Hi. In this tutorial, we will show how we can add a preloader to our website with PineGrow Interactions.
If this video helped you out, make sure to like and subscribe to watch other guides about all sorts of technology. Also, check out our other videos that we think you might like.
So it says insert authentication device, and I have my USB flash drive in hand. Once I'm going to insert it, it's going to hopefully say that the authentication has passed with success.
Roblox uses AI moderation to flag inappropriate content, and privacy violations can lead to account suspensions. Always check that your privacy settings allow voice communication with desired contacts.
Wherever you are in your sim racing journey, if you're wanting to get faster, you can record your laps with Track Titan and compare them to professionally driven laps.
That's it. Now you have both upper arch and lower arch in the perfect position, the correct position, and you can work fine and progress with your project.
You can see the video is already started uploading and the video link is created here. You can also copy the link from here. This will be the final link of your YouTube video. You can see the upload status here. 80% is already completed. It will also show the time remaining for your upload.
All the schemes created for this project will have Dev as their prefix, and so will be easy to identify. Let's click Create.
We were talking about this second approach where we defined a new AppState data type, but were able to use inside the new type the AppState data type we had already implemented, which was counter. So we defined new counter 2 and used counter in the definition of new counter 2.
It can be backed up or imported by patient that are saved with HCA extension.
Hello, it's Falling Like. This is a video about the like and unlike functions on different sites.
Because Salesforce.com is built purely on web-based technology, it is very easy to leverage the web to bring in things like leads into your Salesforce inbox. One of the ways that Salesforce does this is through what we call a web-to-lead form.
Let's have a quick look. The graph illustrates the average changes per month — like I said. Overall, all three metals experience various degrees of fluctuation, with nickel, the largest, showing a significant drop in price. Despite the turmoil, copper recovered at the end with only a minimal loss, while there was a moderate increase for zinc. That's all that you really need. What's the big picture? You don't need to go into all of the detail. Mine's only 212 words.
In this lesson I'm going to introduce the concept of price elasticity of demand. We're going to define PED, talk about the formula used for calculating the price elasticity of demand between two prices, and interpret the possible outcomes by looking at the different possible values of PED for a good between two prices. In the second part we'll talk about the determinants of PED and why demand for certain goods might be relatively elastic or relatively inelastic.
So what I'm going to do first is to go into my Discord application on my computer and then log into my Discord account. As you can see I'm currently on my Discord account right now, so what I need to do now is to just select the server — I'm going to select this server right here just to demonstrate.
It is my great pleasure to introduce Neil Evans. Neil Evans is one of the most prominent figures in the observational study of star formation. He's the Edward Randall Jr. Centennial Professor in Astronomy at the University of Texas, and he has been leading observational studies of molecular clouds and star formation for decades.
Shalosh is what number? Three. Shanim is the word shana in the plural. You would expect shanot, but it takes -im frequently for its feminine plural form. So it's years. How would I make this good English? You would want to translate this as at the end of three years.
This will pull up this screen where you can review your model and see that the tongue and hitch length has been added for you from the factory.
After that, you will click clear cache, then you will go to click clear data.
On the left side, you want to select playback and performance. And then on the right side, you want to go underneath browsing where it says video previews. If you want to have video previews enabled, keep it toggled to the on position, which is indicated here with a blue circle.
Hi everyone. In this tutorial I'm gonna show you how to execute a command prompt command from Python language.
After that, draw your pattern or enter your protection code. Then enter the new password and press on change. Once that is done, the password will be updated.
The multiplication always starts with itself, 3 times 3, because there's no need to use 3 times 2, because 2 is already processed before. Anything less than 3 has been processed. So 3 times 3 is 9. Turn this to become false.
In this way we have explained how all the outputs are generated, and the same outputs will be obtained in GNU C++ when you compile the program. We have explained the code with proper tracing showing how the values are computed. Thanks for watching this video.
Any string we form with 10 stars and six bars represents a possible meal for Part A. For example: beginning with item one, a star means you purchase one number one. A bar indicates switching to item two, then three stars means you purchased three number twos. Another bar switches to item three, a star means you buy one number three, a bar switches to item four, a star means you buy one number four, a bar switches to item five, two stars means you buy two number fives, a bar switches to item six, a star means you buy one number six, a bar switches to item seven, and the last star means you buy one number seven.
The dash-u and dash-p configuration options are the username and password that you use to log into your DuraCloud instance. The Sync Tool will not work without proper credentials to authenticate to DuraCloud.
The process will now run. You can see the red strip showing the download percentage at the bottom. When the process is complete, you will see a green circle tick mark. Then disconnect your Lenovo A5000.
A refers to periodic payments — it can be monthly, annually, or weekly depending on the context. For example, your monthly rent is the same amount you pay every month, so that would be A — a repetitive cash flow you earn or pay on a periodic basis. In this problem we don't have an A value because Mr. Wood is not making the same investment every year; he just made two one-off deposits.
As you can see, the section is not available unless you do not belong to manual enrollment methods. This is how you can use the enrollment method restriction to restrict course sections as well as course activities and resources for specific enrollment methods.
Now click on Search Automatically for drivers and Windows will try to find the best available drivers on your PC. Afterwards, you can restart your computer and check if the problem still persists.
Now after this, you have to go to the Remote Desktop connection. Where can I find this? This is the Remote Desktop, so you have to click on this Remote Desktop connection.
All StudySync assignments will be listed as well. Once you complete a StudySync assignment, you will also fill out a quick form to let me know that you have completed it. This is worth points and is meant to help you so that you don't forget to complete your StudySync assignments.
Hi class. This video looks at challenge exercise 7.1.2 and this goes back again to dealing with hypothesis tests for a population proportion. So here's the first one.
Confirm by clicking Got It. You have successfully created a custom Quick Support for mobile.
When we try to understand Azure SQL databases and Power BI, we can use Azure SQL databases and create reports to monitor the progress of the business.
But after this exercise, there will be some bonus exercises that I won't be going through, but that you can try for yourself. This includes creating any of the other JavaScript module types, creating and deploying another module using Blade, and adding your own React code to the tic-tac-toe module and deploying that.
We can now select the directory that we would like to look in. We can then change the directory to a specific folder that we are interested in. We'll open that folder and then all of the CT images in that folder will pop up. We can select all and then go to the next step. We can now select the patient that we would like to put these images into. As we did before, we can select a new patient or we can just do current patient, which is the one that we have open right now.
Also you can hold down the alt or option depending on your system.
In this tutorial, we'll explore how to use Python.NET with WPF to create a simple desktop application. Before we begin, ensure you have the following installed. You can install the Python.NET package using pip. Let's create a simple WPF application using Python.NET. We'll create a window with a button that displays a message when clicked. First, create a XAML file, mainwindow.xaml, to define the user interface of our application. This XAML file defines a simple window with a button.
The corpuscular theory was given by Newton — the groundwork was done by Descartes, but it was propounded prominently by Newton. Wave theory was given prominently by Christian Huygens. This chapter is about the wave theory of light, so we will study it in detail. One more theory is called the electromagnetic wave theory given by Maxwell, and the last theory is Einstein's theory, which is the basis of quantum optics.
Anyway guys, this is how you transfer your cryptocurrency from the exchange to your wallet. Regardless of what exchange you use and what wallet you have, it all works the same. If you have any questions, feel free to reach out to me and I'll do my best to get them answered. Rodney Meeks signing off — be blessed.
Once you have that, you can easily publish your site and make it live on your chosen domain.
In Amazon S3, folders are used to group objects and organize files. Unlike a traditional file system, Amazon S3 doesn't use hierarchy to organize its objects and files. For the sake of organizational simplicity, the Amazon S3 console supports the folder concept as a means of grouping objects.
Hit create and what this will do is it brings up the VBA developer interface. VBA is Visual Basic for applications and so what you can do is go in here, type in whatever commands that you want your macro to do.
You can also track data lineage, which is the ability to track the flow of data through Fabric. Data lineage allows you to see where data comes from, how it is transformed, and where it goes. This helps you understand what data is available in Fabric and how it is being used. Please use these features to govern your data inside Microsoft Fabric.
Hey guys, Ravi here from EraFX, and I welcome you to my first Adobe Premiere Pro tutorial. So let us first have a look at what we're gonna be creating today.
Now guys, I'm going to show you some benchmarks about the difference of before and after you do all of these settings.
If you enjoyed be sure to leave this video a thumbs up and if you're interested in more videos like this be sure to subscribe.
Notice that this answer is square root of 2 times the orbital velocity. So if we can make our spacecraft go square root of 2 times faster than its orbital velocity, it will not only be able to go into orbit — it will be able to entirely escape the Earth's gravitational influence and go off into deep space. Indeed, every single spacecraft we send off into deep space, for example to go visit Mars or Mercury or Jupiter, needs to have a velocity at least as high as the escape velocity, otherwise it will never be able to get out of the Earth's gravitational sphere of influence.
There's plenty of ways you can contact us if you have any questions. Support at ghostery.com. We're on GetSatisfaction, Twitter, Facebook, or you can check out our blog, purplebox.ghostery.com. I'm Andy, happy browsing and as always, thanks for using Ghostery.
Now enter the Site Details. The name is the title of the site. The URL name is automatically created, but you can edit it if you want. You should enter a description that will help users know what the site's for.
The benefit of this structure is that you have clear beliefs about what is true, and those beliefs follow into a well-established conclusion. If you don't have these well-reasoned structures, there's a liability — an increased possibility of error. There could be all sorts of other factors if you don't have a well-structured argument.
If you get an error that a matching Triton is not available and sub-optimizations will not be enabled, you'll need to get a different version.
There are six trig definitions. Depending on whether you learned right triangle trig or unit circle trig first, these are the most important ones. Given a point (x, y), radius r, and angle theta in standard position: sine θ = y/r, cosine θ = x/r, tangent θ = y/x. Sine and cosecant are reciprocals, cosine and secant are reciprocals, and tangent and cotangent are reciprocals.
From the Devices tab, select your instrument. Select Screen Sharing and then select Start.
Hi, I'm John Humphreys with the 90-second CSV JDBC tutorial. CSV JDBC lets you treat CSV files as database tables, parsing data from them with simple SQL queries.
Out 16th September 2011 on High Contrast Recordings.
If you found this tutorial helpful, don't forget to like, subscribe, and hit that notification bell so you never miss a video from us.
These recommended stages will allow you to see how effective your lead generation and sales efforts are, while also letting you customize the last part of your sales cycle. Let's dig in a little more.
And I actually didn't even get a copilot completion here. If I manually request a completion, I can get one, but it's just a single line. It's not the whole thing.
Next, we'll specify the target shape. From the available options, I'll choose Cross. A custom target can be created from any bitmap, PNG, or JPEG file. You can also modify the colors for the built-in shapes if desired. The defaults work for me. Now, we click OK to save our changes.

Task: Please make an exact copy of the lines above from the line with "Hit create and" through the line with "The benefit of", both ends included.

Your solution:
Hit create and what this will do is it brings up the VBA developer interface. VBA is Visual Basic for applications and so what you can do is go in here, type in whatever commands that you want your macro to do.
You can also track data lineage, which is the ability to track the flow of data through Fabric. Data lineage allows you to see where data comes from, how it is transformed, and where it goes. This helps you understand what data is available in Fabric and how it is being used. Please use these features to govern your data inside Microsoft Fabric.
Hey guys, Ravi here from EraFX, and I welcome you to my first Adobe Premiere Pro tutorial. So let us first have a look at what we're gonna be creating today.
Now guys, I'm going to show you some benchmarks about the difference of before and after you do all of these settings.
If you enjoyed be sure to leave this video a thumbs up and if you're interested in more videos like this be sure to subscribe.
Notice that this answer is square root of 2 times the orbital velocity. So if we can make our spacecraft go square root of 2 times faster than its orbital velocity, it will not only be able to go into orbit — it will be able to entirely escape the Earth's gravitational influence and go off into deep space. Indeed, every single spacecraft we send off into deep space, for example to go visit Mars or Mercury or Jupiter, needs to have a velocity at least as high as the escape velocity, otherwise it will never be able to get out of the Earth's gravitational sphere of influence.
There's plenty of ways you can contact us if you have any questions. Support at ghostery.com. We're on GetSatisfaction, Twitter, Facebook, or you can check out our blog, purplebox.ghostery.com. I'm Andy, happy browsing and as always, thanks for using Ghostery.
Now enter the Site Details. The name is the title of the site. The URL name is automatically created, but you can edit it if you want. You should enter a description that will help users know what the site's for.
The benefit of this structure is that you have clear beliefs about what is true, and those beliefs follow into a well-established conclusion. If you don't have these well-reasoned structures, there's a liability — an increased possibility of error. There could be all sorts of other factors if you don't have a well-structured argument.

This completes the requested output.